National group blasts Syracuse diocese over child-molesting allegations against monsignor
By John O'Brien
October 2, 2014
SYRACUSE, N.Y. -- A national victims' advocacy organization today criticized the Roman Catholic Diocese of Syracuse over its handling of a child-molesting accusation against a monsignor.
The Survivors Network of those Abused by Priests questioned why it took more than a year after receiving the allegations for the diocese to permanently remove Monsignor Charles Eckermann from ministry.
"Why on earth does it take a more than a year - and consultation with church bureaucrats in Rome - to determine whether a child sex abuse report against a New York priest is 'credible'?" asked SNAP's director, David Clohessy, in an email to Syracuse.com.
"When officials move slowly and quietly in abuse cases, they break their promises to be 'open and transparent,' and they endanger other children," Clohessy said. "Child abusers rarely abuse once. There is no telling how many more children might have needlessly been victimized."
Kevin Braney, now 41 and a school district administrator in Colorado, first told the diocese in February 2013 that Eckermann had raped him 12 to 15 times in 1988 and 1989. Braney was an altar boy, 15 and 16 years old, at St. Ann's Church in Manlius when he was abused, he said. The diocese found the accusation credible in April of this year.
The Vatican confirmed that determination today.
Danielle Cummings, a spokeswoman for the diocese, said the diocese took action in 2013 against Eckermann after receiving Braney's allegations.

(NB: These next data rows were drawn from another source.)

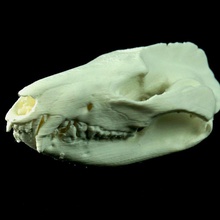skull virginia opossum education animal skeleton 3d print model - Mito3D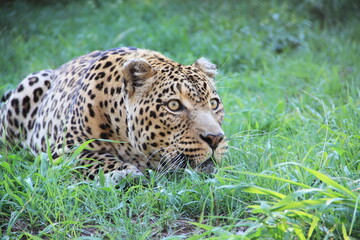 Fototapeta na wymiar leopard crawling in the grass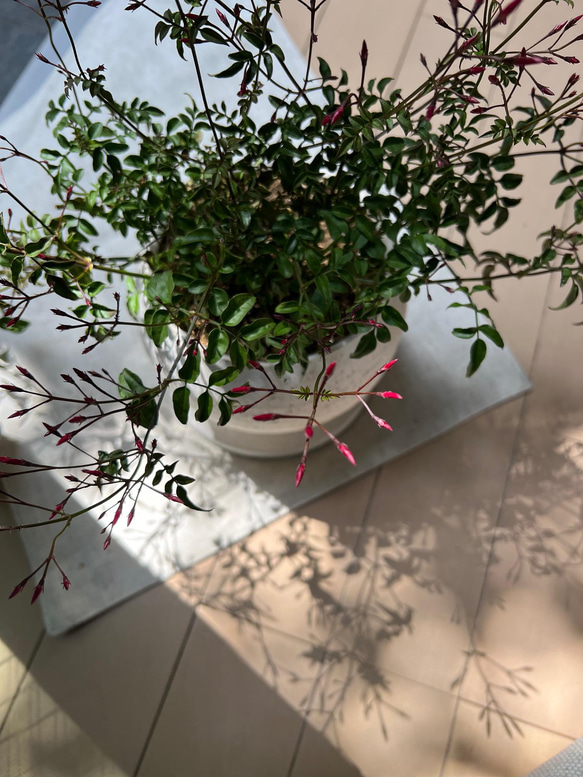 【 鉢セット植物 】羽衣ジャスミンデザイン陶器鉢セット　観葉植物/インテリア 4枚目の画像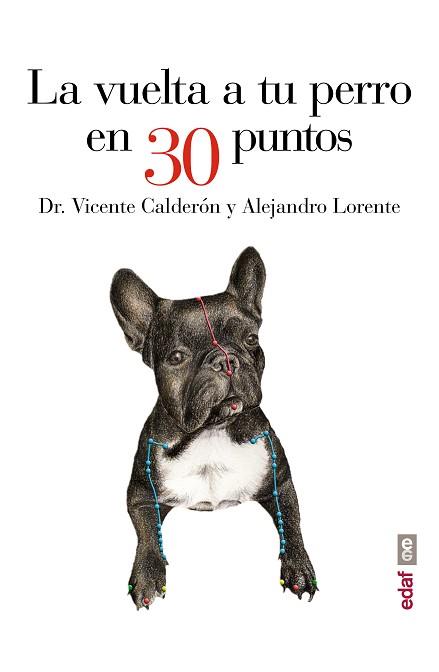 LA VUELTA A TU PERRO EN 30 PUNTOS | 9788441435483 | CALDERÓN, DR. VICENTE / LORENTE, ALEJANDRO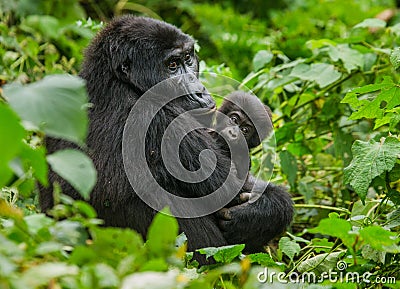 A female mountain gorilla with a baby. Uganda. Bwindi Impenetrable Forest National Park. Cartoon Illustration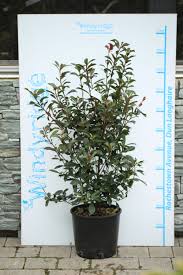 Photinia  X Fras. Red Select Clt 10 H 80 - 100 Cm - Hedging - Windyridge Garden Centre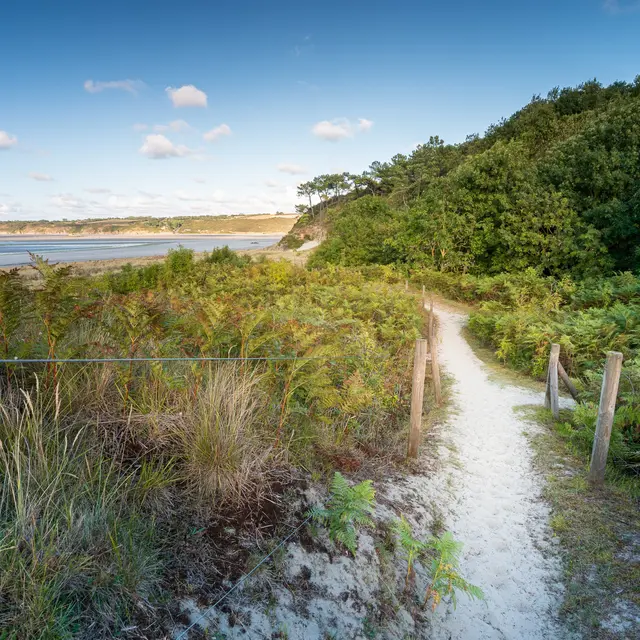 Dunes de Bon Abri_Hillion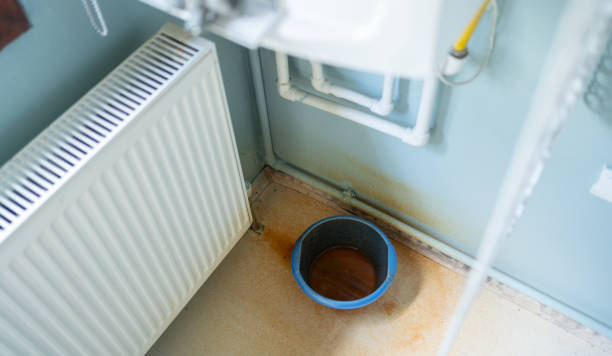 Best Ceiling water damage repair  in Sabetha, KS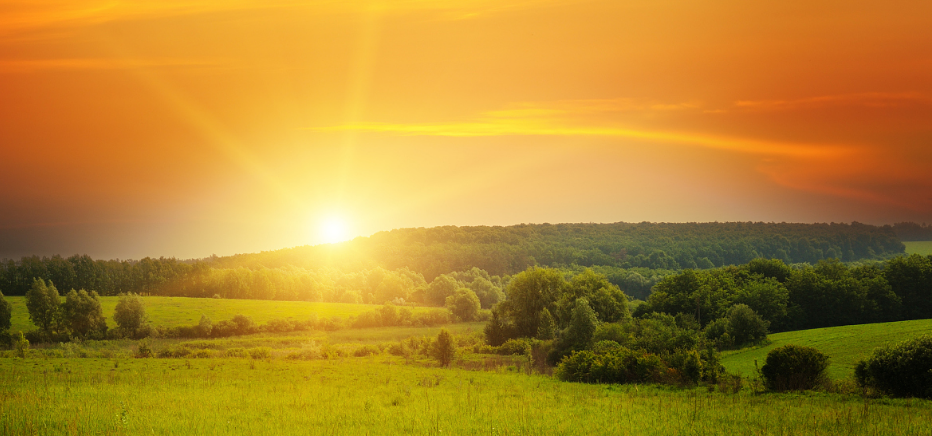 為什么把氮、磷、鉀稱為“肥料三要素”？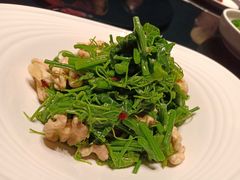 南瓜苗拌桃仁-徐记海鲜(大明宫|北二环店)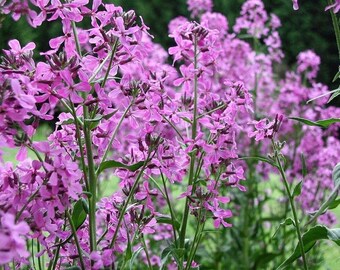 SWEET DAME'S ROCKET Hesperis Matronalis Perennial, 20 Seeds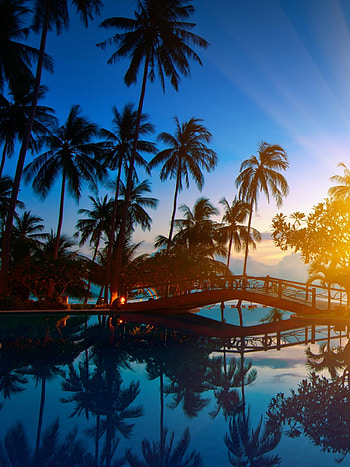 Thailand Travels, Thailand hotel, Ocean beach vacation HD phone wallpaper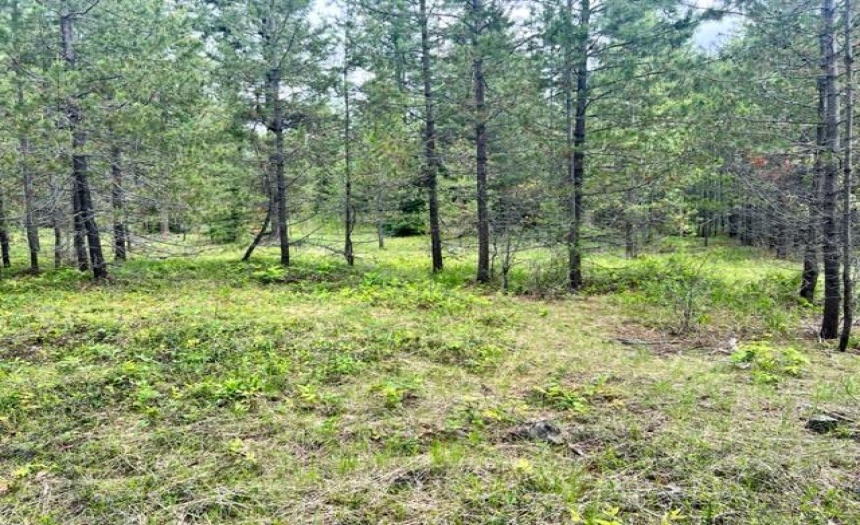 Lot B WENGER ROAD, Arrow Creek, British Columbia V0B1G9, ,Vacant Land,For Sale,WENGER ROAD,2471007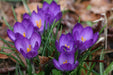 Crocus Flower Record Bulbs (Pack of 6) - CGASPL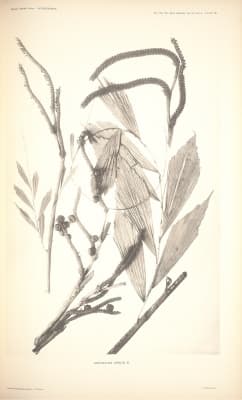 Korthalsia debilis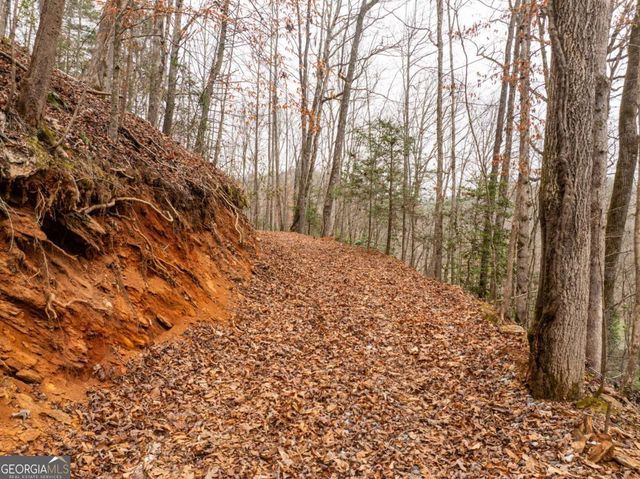 377 Soldiers Path, Dahlonega, GA 30533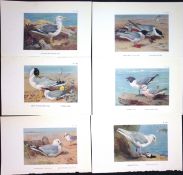 Job-Lot 10 Iconic Gull Species Archibald Thorburn Coloured Bird Print-1.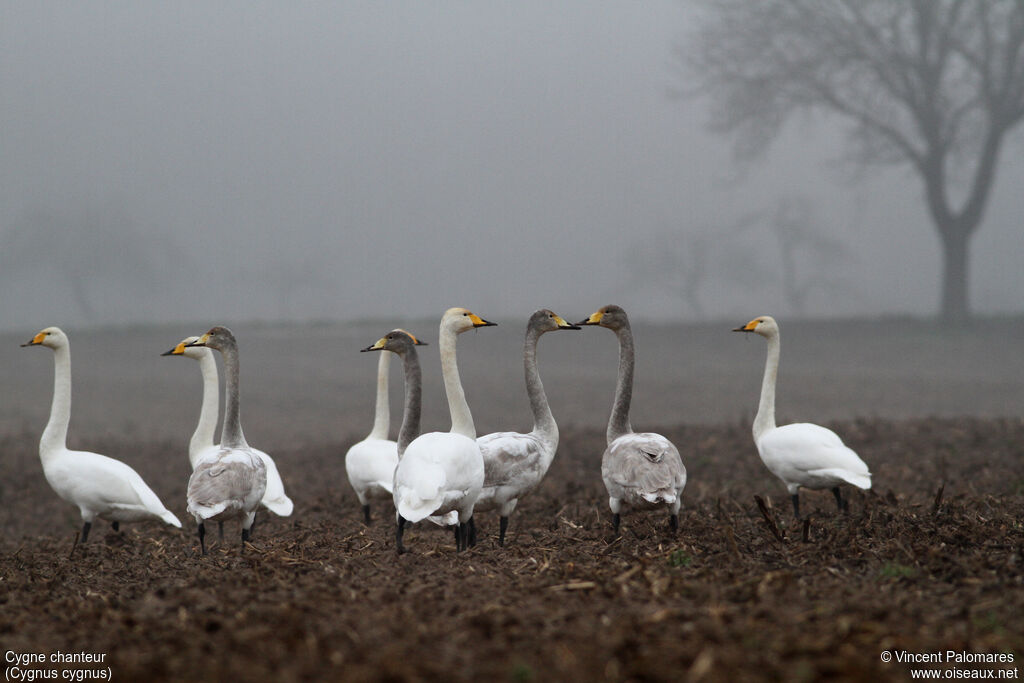 Whooper Swan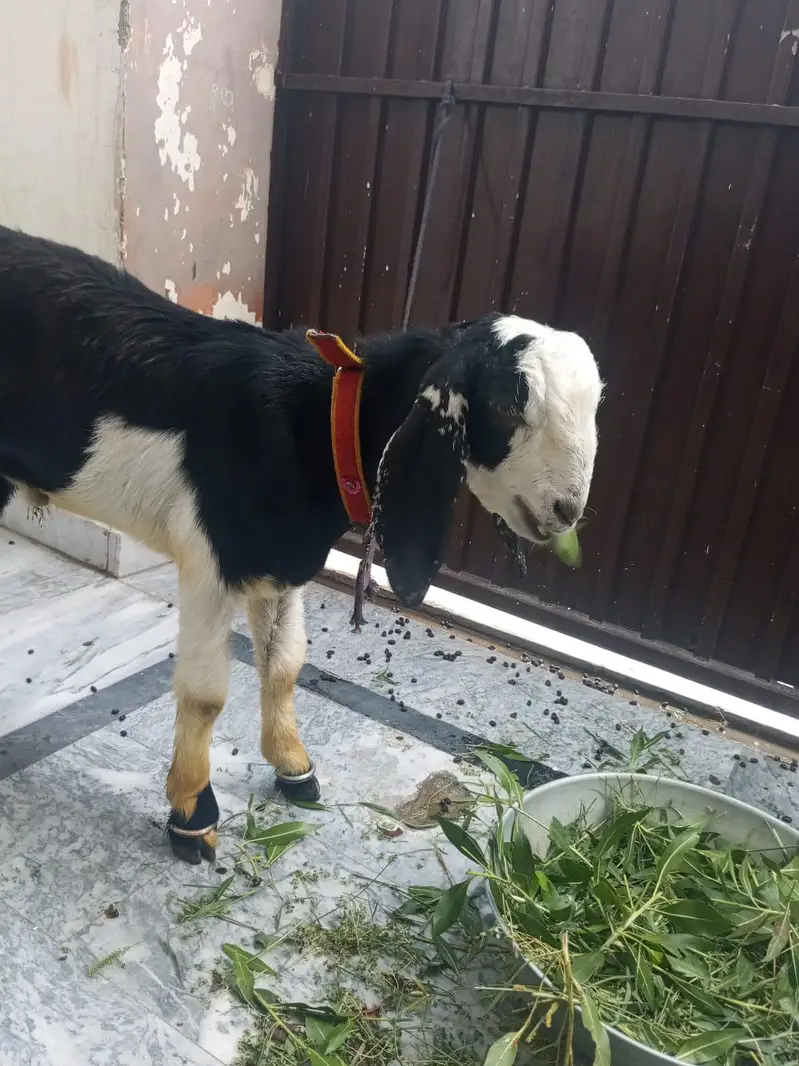 Bakra for sale age 6 month — photo 3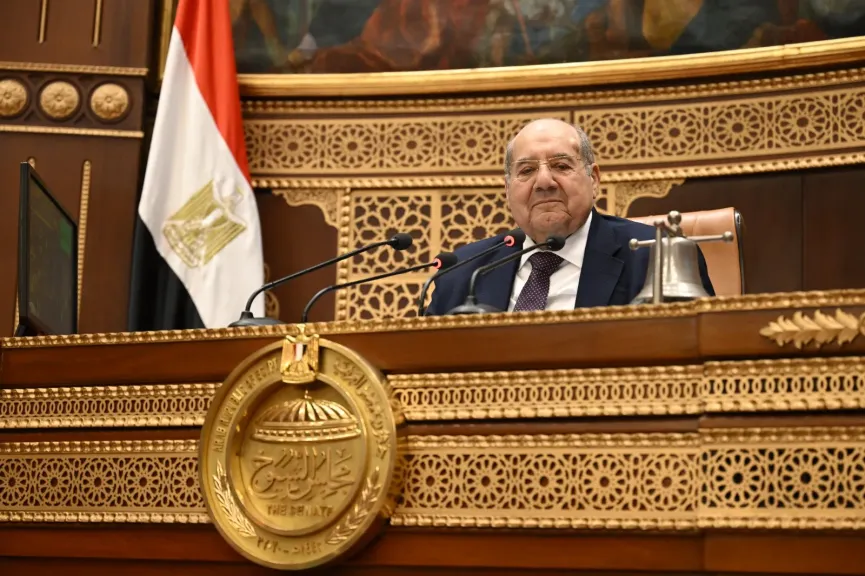 المستشار عبد الوهاب عبدالرازق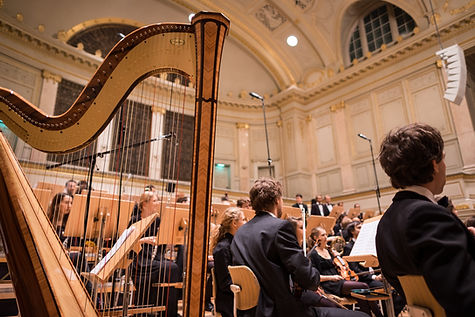 Harp in orchestra
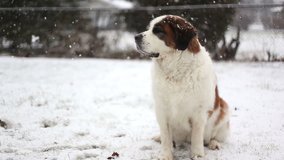 Saint Bernard dog sitting in yard during snow fall, video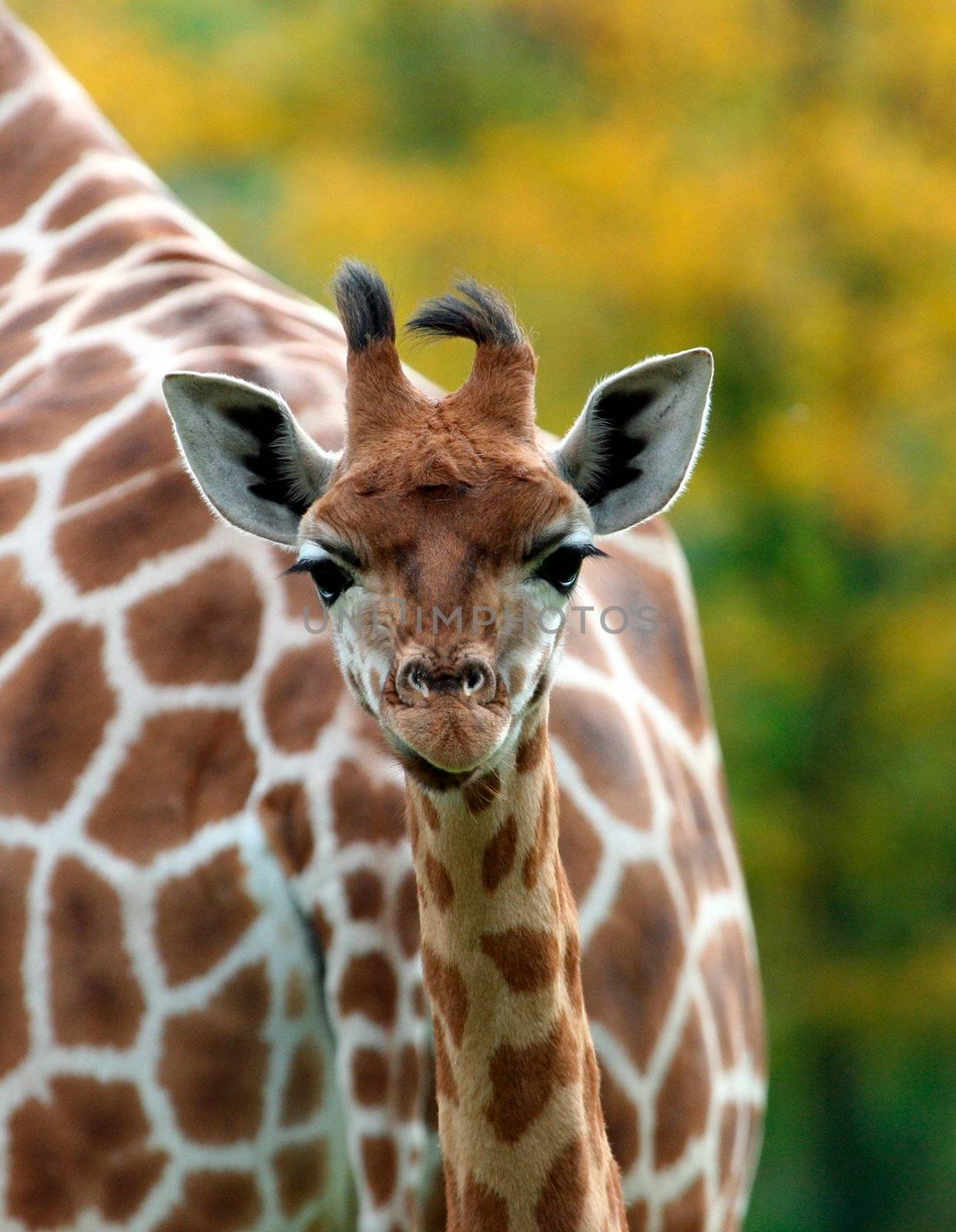 Cute baby Giraffe by speedfighter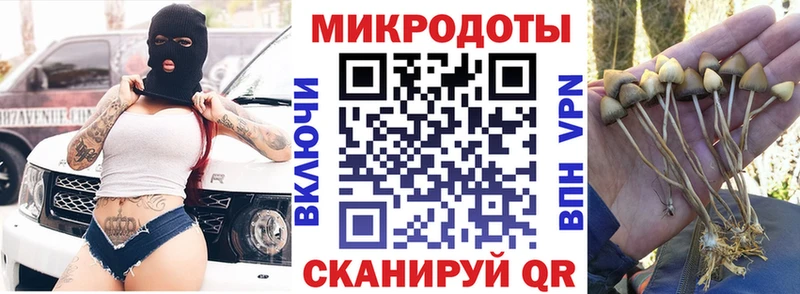 Галлюциногенные грибы ЛСД  Темников 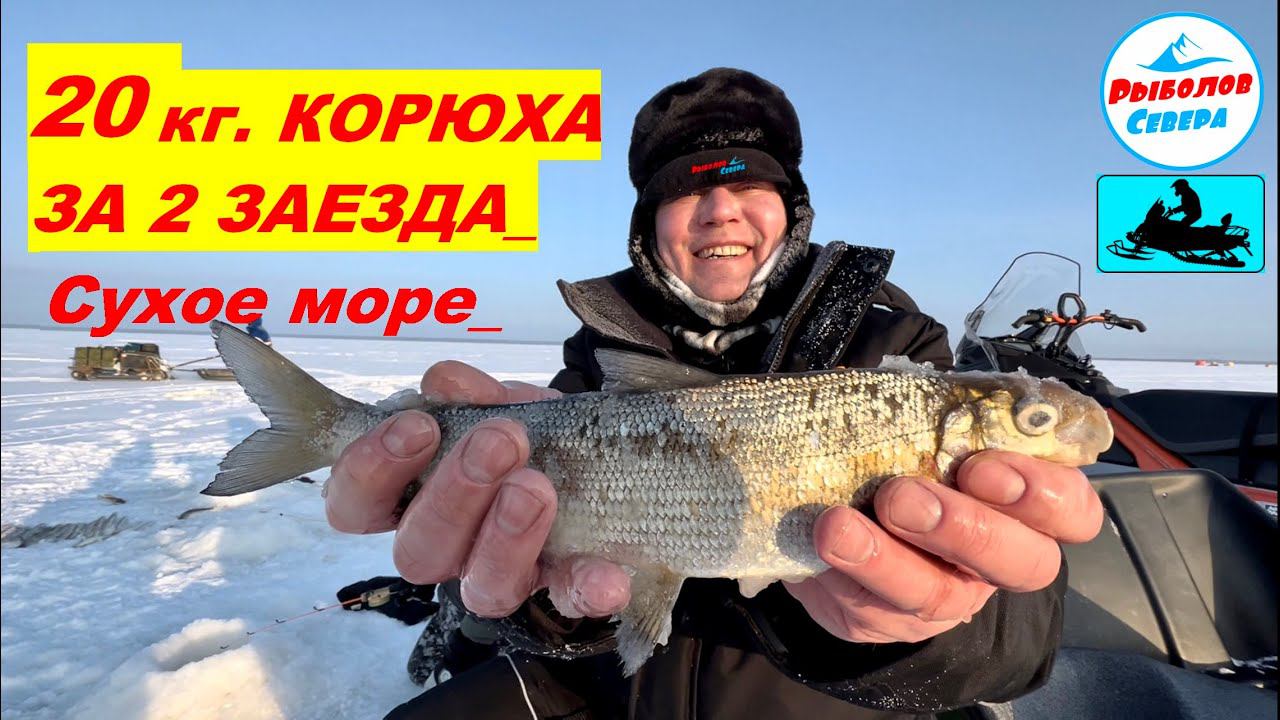 ✅20 КГ КОРЮХА ЗА 2 ЗАХОДА l СУХОЕ МОРЕ I СЮРПРИЗ ВНУТРИ #рыболов_севера #рыбалка2024#корюшка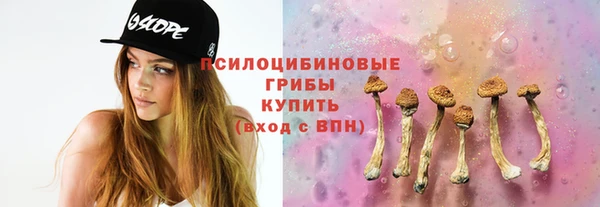 не бодяженный Белокуриха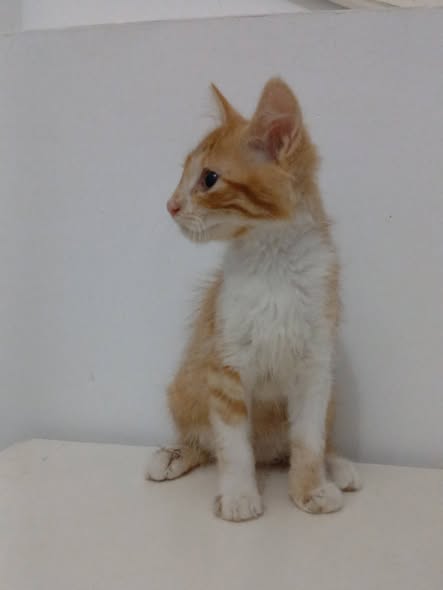 Chat à adopter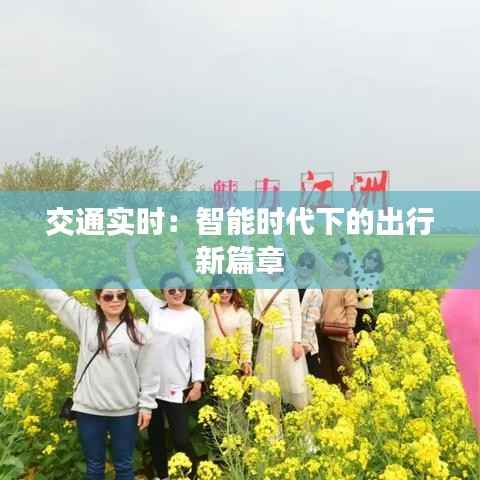交通实时:智能时代下的出行新篇章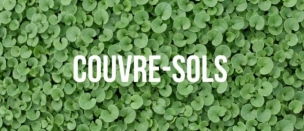 Les 7 meilleurs couvre-sols résistants à la sécheresse : les vraies alternatives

"The accused was immediately removed from ministry while the allegation was investigated in 2013," she said in response to SNAP's criticism. "The findings were given to the Diocesan Review Board which found the allegation to be credible."
The Vatican's affirmation means Eckermann "is permanently removed from priestly ministry and will no longer be able to function as a priest, wear clerical garb or present himself as a priest."
"The Diocese of Syracuse continues to invite any and all those who may have been harmed by a member of diocesan personnel to come forward," Cummings said. "We will pray for all those harmed by child sexual abuse and remain ever vigilant to keep our children safe."
Clohessy also criticized the diocesan officials for saying they could not determine whether Braney's accusation against another priest was credible. Braney said the Rev. James Quinn raped him once at St. Ann's rectory in 1989. The diocese was unable to make a determination because Quinn was not assigned to that church and because he's dead, Cummings said.
"That's ridiculous," Clohessy said. "Child molesting teachers don't abuse only at the school where they work. Child molesting Scout leaders don't abuse only kids in their troop. And child molesting clerics don't just assault youngsters in their own parishes."
Clohessy said SNAP, based in St. Louis, applauds Braney for having the courage to come forward.
"Children are safer now because he was brave and strong enough to speak up and expose wrongdoers," Clohessy said. "May his responsible actions prod others who were assaulted as kids to come forward, get help, protect kids and start healing."